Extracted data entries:
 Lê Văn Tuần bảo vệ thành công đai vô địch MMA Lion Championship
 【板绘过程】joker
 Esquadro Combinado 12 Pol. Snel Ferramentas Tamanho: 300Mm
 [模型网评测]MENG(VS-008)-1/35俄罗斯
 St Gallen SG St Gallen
* * *
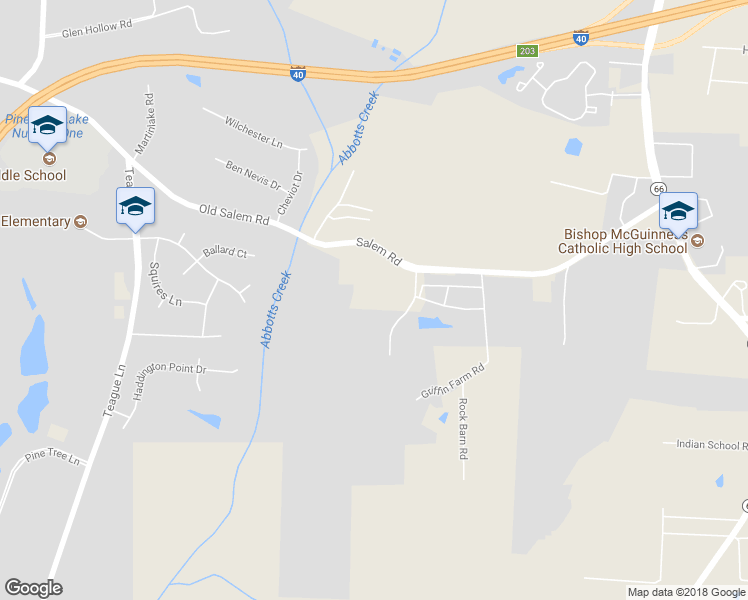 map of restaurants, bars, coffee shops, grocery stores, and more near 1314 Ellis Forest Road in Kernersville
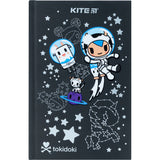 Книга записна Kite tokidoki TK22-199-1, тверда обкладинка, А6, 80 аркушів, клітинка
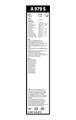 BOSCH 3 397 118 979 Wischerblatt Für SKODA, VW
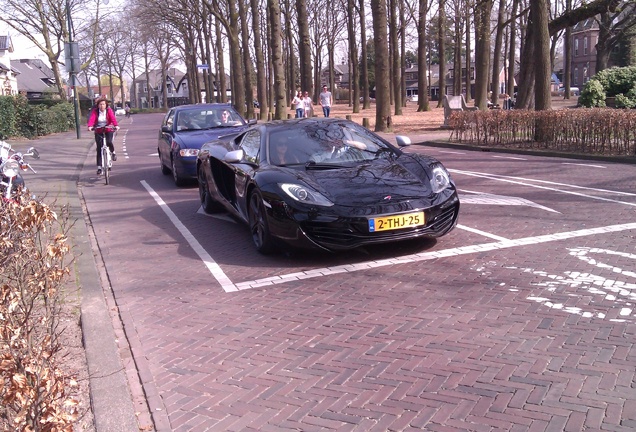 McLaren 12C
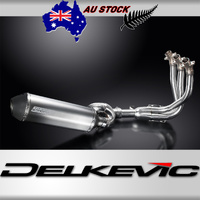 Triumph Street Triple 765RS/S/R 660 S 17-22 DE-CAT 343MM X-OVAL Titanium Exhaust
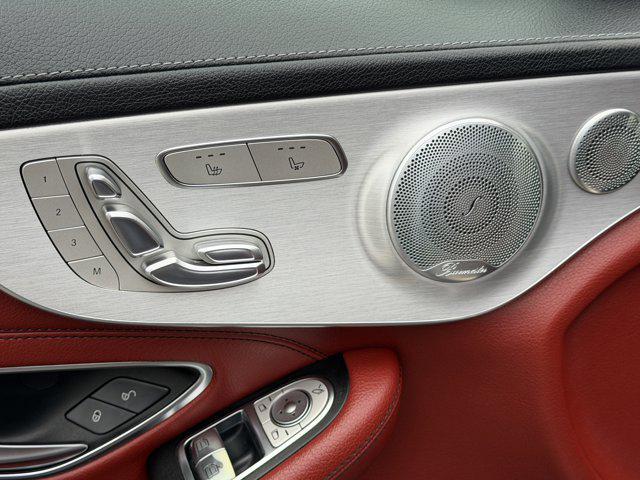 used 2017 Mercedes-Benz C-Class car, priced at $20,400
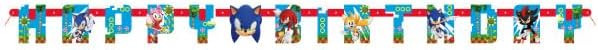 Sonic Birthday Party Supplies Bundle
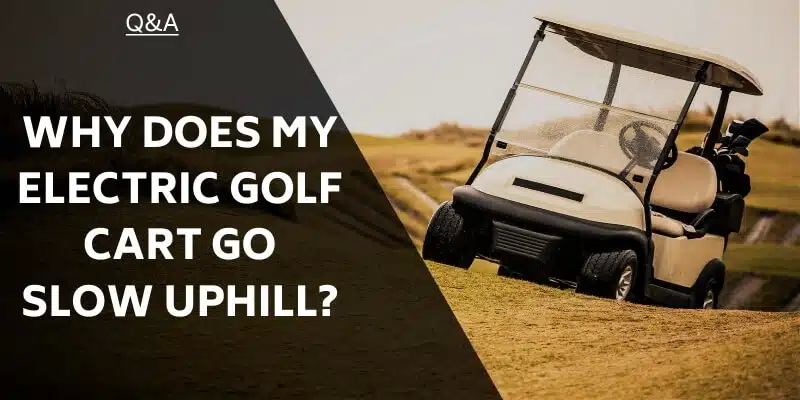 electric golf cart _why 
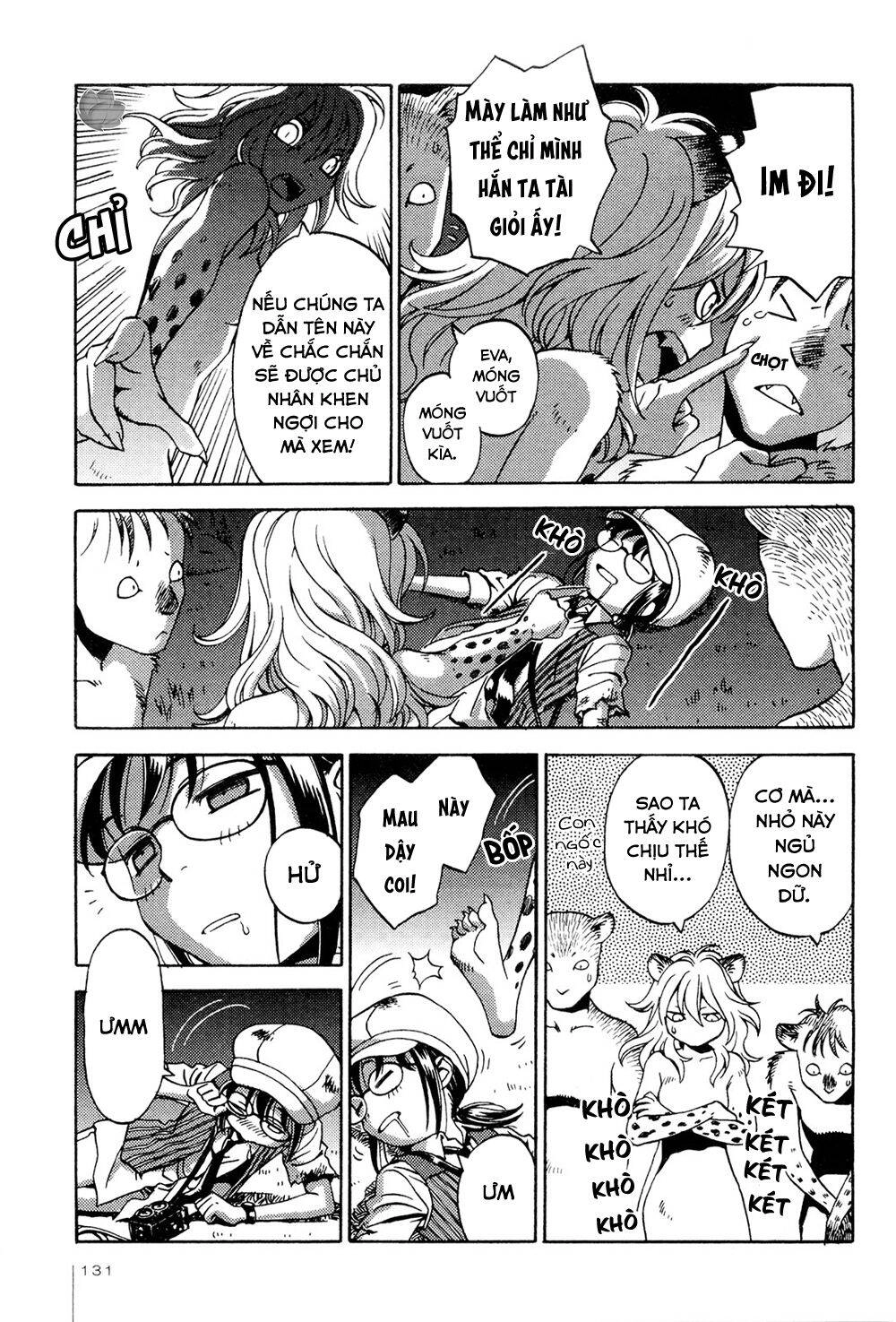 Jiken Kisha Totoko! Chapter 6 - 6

### Exercise
Leave out every picture, and copy exactly the lines above starting at the one holding "Triumph Street Triple" and ending at the one holding "Jiken Kisha Totoko! Chapter 6 - 6", no more and no less.

### Answer to this problem
 Triumph Street Triple 765RS/S/R 660 S 17-22 DE-CAT 343MM X-OVAL Titanium Exhaust
 used 2017 Mercedes-Benz C-Class car, priced at $20,400
 Sonic Birthday Party Supplies Bundle
 electric golf cart _why 
 Jiken Kisha Totoko! Chapter 6 - 6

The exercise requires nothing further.